Circulation of a flow field around circle (x-1)^2+(y-6)^2=4

[MichielM]

Homework Statement

A flow field on the xy-plane has the velocity components
$$u=3x+y$$
$$v=2x-3y$$

Show that the circulation around the circle $$(x-1)^2+(y-6)^2=4$$ equals $$4\pi$$

Homework Equations

The circulation $$\Gamma$$ around a closed contour is:
$$\Gamma=\int_C\vec{u}\cdot d\vec{s}$$

The Attempt at a Solution

Because the contour of investigation is a circle, a parametrisation of the form $$x=1+4\cos\theta, y=6+4\sin\theta$$ should help.
The circulation then can be calculated as:

$$\Gamma=\int_0^{2\pi} \vec{u} \sqrt{\left(\frac{\partial x}{\partial \theta}{\right)^2+\left(\frac{\partial y}{\partial \theta}{\right)^2} d\theta$$

Calculating the root yields 2 so:
$$\Gamma=\int_0^{2\pi} 2 \vec{u} d\theta$$
To get $$4\pi$$ out of this, $$\vec{u}$$ should 1, but this is the point where I don't know how to show/calculate that. The integration of the vector is the point where I get stuck. Any help is welcome!

 

[gabbagabbahey]

Because the contour of investigation is a circle, a parametrisation of the form $$x=1+4\cos\theta, y=6+4\sin\theta$$ should help.

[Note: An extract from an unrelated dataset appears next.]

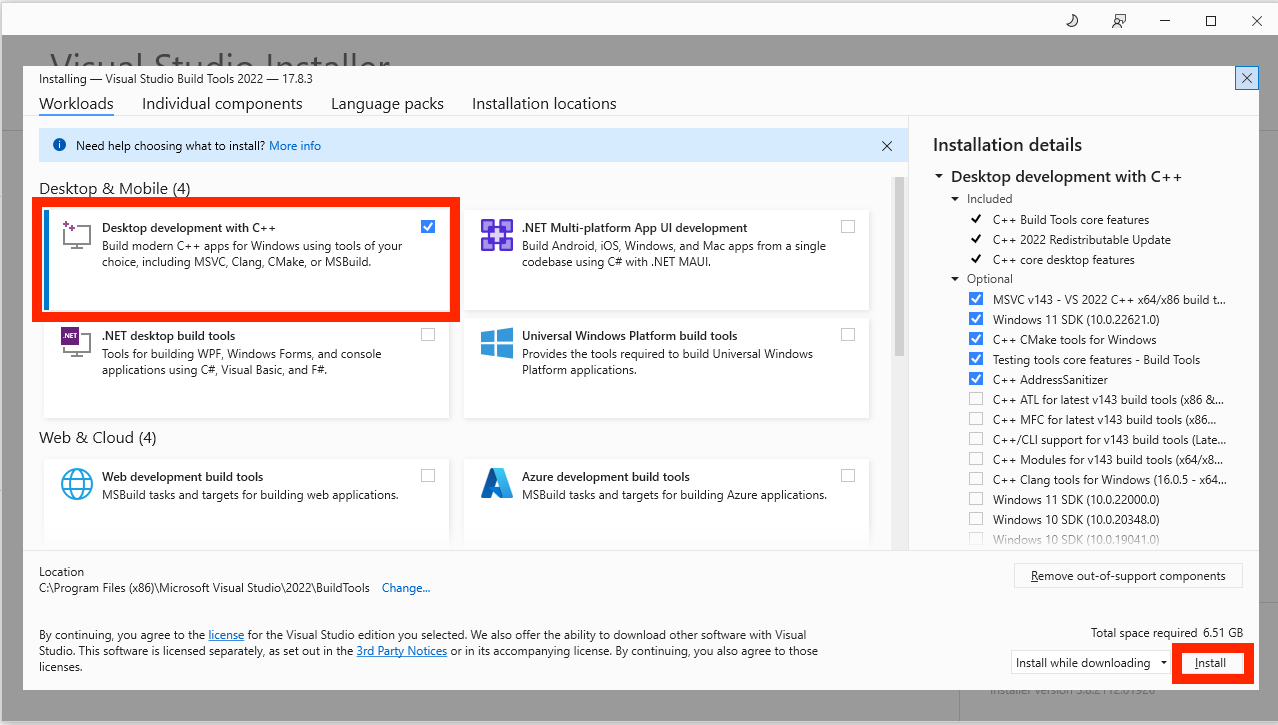 VS Build Tools Installer Screenshot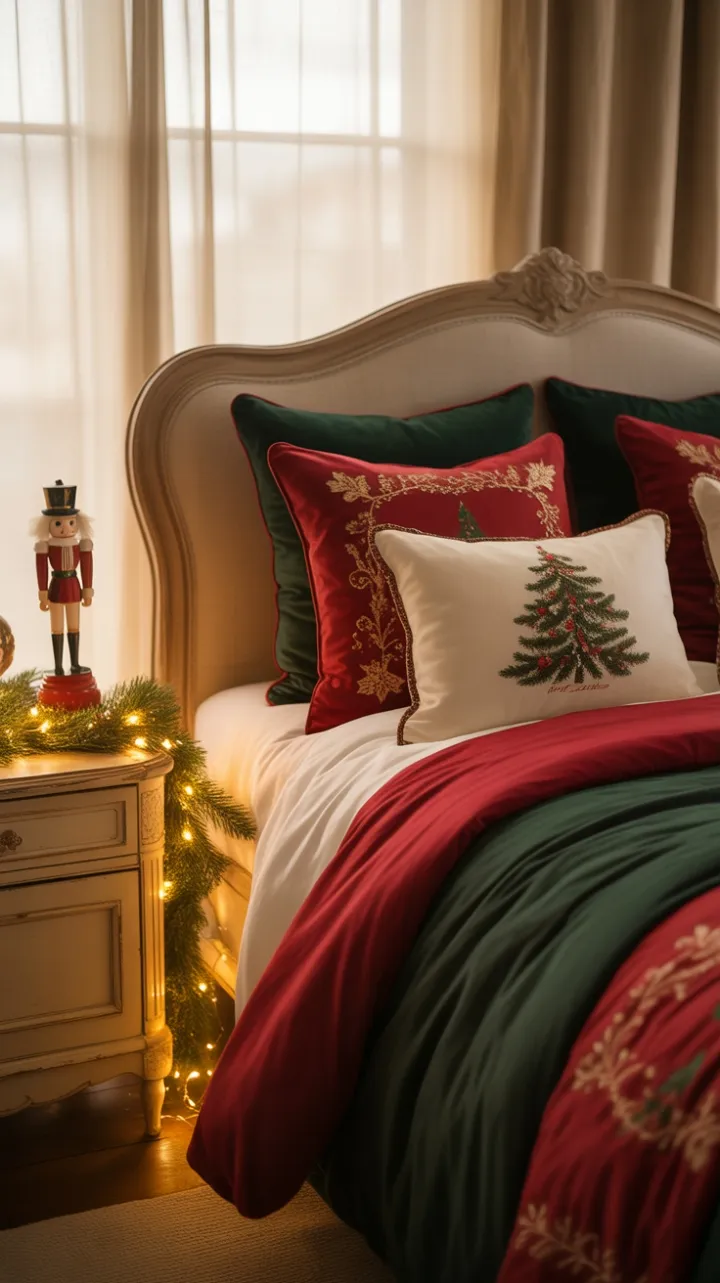 Heirloom Holiday Bedroom Wrapped in Warm Light and Pine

Careful, the radius of the circle $(x-1)^2+(y-6)^2=4$ is $2$[, not $4$.

The circulation then can be calculated as:

$$\Gamma=\int_0^{2\pi} \vec{u} \sqrt{\left(\frac{\partial x}{\partial \theta}{\right)^2+\left(\frac{\partial y}{\partial \theta}{\right)^2} d\theta$$

$\sqrt{\left(\frac{\partial x}{\partial \theta}\right)^2+\left(\frac{\partial y}{\partial \theta}\right)^2} d\theta$ only gives the magnitude of the vector $d\textbf{s}$.

$$d\textbf{s}=dx\textbf{i}+dy\textbf{j}=\left(\frac{dx}{d\theta}\right)d\theta\textbf{i}+\left(\frac{dy}{d\theta}\right)d\theta\textbf{j}$$

(Since $x$ and $y$ depend only on $\theta$ for this curve)

 

[MichielM]

Careful, the radius of the circle $(x-1)^2+(y-6)^2=4$ is $2$[, not $4$.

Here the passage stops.